Given information >>
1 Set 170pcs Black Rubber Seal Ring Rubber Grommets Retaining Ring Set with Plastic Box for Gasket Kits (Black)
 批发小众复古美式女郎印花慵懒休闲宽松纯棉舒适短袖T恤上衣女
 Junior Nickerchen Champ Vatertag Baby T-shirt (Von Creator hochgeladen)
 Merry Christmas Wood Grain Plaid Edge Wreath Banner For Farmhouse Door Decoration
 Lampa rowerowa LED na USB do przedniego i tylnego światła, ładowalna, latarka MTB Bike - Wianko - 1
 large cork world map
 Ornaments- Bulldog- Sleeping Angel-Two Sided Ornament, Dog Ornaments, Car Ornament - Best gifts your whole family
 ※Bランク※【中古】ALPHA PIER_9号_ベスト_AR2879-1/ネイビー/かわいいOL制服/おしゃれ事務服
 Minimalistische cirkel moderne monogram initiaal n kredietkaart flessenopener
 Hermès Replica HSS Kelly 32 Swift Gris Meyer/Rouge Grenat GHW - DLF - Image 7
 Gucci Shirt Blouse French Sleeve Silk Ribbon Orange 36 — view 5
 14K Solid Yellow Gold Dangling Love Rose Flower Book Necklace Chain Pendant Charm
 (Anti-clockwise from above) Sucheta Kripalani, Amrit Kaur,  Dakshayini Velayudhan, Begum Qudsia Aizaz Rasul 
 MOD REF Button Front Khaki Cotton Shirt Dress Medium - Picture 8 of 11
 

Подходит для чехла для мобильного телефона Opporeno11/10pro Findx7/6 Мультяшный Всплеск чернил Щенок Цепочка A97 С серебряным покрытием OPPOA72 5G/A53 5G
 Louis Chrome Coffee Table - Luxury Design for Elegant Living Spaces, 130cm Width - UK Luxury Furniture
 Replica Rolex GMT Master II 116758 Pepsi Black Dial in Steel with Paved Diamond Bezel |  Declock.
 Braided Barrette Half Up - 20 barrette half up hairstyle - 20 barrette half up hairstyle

Your task >>
Starting at the first line of the records above, please copy every line exactly through the line containing "14K Solid Yellow", and stop there.

Output for this exercise >>
1 Set 170pcs Black Rubber Seal Ring Rubber Grommets Retaining Ring Set with Plastic Box for Gasket Kits (Black)
 批发小众复古美式女郎印花慵懒休闲宽松纯棉舒适短袖T恤上衣女
 Junior Nickerchen Champ Vatertag Baby T-shirt (Von Creator hochgeladen)
 Merry Christmas Wood Grain Plaid Edge Wreath Banner For Farmhouse Door Decoration
 Lampa rowerowa LED na USB do przedniego i tylnego światła, ładowalna, latarka MTB Bike - Wianko - 1
 large cork world map
 Ornaments- Bulldog- Sleeping Angel-Two Sided Ornament, Dog Ornaments, Car Ornament - Best gifts your whole family
 ※Bランク※【中古】ALPHA PIER_9号_ベスト_AR2879-1/ネイビー/かわいいOL制服/おしゃれ事務服
 Minimalistische cirkel moderne monogram initiaal n kredietkaart flessenopener
 Hermès Replica HSS Kelly 32 Swift Gris Meyer/Rouge Grenat GHW - DLF - Image 7
 Gucci Shirt Blouse French Sleeve Silk Ribbon Orange 36 — view 5
 14K Solid Yellow Gold Dangling Love Rose Flower Book Necklace Chain Pendant Charm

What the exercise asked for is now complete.